In this case Cicero uses the word “arca(s)” to give us the idea of a room, separated from external environment to isolate someone, exactly like a prison cell does.

The meaning of “coffin”, is also pretty common as we can see in Lucanus (e.g. Pharsalia 8, 736) and others:

Da vilem Magno plebeii funeris arcam
Give to the Great [Pompeus] the poor coffin of the plebeian funeral

So, the more general meaning of “tomb” for the word “arca”, is also included, as the two can translate as “coffin” and “(closed) cell” and each meaning does not exclude the other.
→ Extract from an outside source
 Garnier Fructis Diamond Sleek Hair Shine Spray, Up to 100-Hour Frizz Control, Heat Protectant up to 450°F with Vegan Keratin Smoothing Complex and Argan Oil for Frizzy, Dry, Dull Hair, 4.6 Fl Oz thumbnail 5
As regards “Dia”, it is a rare female adjective, an archaic (but also used in the Ist century B.C.) poetic form for the more common “Diva” (from divus, -a, -um adjective) meaning “divine” in the nominative, vocative and ablative case.

“Et in arca dia ego (sum)” now, sounds really interesting as we can translate it as “I am also in the divine tomb” or better “also I am in the divine tomb”.

Above - Poussin's most famous painting depicted on his own tomb "the  bas-relief on Poussin's tomb in S. Lorenzo church (Rome) where one of the shepherds covers the  letters "-dia" of the word Arcadia allowing us to see the word "Arca" only.


The translation can even be improved using the past tense for the verb to be, as the sense seems to suggest, so the sentence becomes “Et in Arcadia ego (fui)”: Also I was in the divine tomb. As a matter of fact, the word “fui” (I was) is composed of three letters and can perfectly fit the three dots (if we think of them as markers for lacking letters) Pierre Plantard talked about.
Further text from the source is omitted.